Dahulu Zaid budak yang dimerdekakan dan diangkat anak di zaman jahiliyah oleh Nabi itu dipanggilkan Zaid bin Muhammad. Dengan ayat ini datanglah ketentuan supaya dia dipanggil kembali menurut yang sewajarnya, yaitu Zaid bin Haritsah.
“Dan jika tidak kamu ketahui siapa bapak-bapak mereka, maka adalah mereka saudara-saudara kamu seagamaOrang yang tidak terang siapa bapak-bapak mereka ini ialah orang yang biasa ditawan dalam peperangan ketika dia masih kecil, orang tuanya telah mati dan dia telah hidup dalam masyarakat Islam. Atau orang seagama dari negeri lain yang belum kita kenal keturunannya. Ayat ini menunjukkan hendaklah mereka dipanggil sebagai saudara. Maka kalau orang itu masih muda, panggil sajalah dia sebagai saudara.
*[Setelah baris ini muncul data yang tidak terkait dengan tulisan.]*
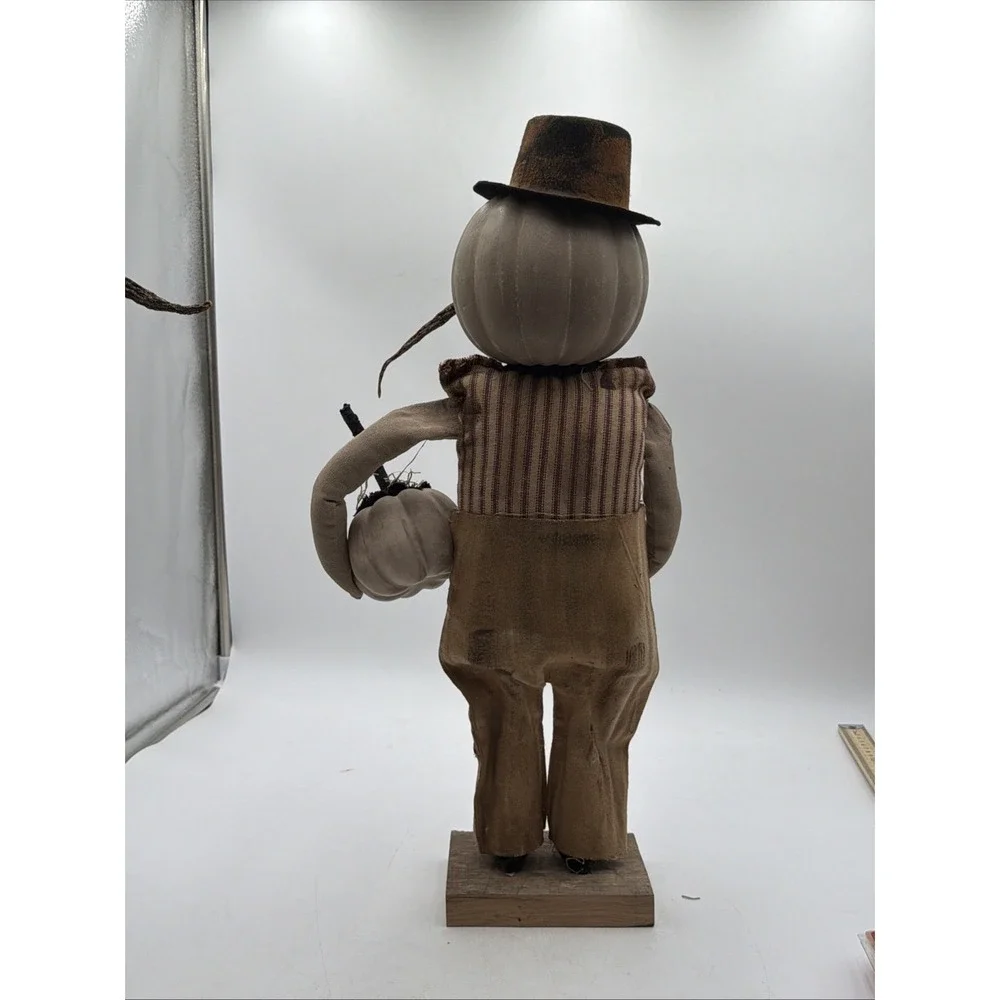 Primitive Folk Art Winter Doll 23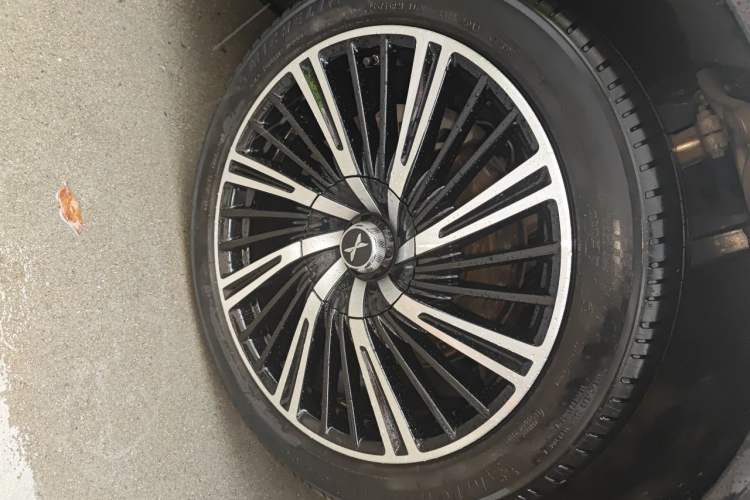 Used XPeng G9 2024 702 Max Right Front Wheel Hub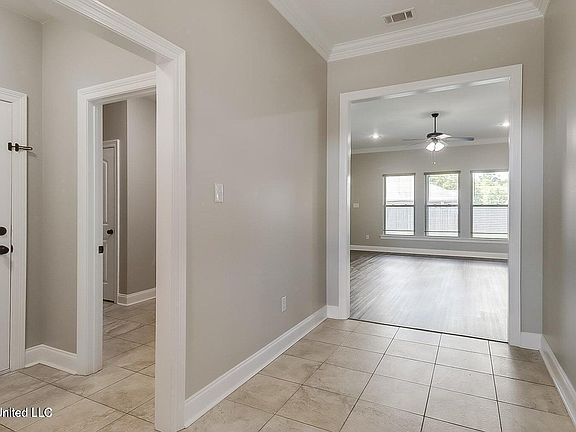 5th image of 13253 Marys Way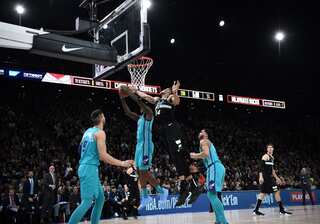 Bucks' long-range barrage buries Heat, Clippers bounce back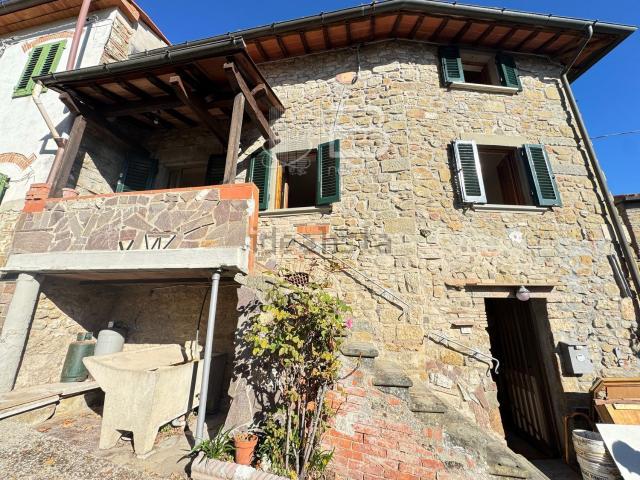 Casa in vendita a Montecatini Alto, Montecatini Terme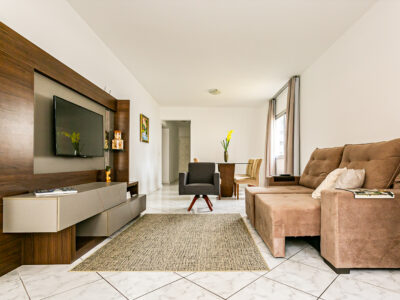 Amplo apto localizado a passos da Beira-mar Norte - SA402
“Dan maula-maula kamu." Maula mengandung arti perlindungan dan pimpinan timbal balik. Pokok kata ialah dari wilayah, menjadi wali, menjadi maula. Dia dapat diartikan pelindung, raja, tuanku, tetapi dia pun dapat diartikan orang yang diperlindungi. Setelah agama Islam berkembang luas dan negeri yang ditaklukkan oleh tentara Islam bertambah jauh, banyaklah anak muda-muda kehilangan keluarga lalu diambil dan dipelihara oleh tentara Islam yang menang. Mereka dibawa ke negeri Islam dididik dalam Islam. Diakui termasuk kekeluargaan dari kaum yang memeliharanya. Dalam Islam, maula-maula (jamaknya mawaali) diberi didikan yang tinggi. Mereka memperdalam pengetahuan tentang Islam. Imam Bukhari ahli hadits yang masyhur itu adalah seorang maula dari Bani Jula, yaitu Kabilah Arabi yang diperintahkan Khalifah menaklukkan Bukhara di zaman Bani Umayyah. Banyak ulama-ulama Islam di zaman tabi'in adalah maula. Malahan ada di antara mereka yang jadi sahabat Rasulullah, sebagaimana Bilal bin Rabah, Salim Maula Abu Huzaifah, dan lain-lain. Ulama tabi'in yang besar, yaitu Imam Atha di Mekah, al-Hasan al-Bishri di Basrah, keduanya adalah maula. Tuan-tuan besar dari Arab berjuang jadi pahlawan dalam perang, sedang maula-maula jadi pahlawan ilmu pengetahuan Islam.
“Tetapi tidaklah kamu berdosa jika kamu bersalah dengan dia." Yaitu salah yang bukan disengaja karena tidak tahu. “Melainkan jika disengaja oleh hati kamu." Misalnya mem-bangsakan orang kepada yang hina, atau menghinakan orang karena warna kulitnya. Itu sangatlah disalahkan oleh Rasulullah ﷺ.
“Dan Allah adalah Maha Pengampun Maha Penyayang."
Memberi ampun atas kesalahan tempo dulu yang telah terlanjur, Maha Penyayang kepada hamba-Nya yang patuh sehingga Dia beri petunjuk jalan yang benar dan langkah yang betul.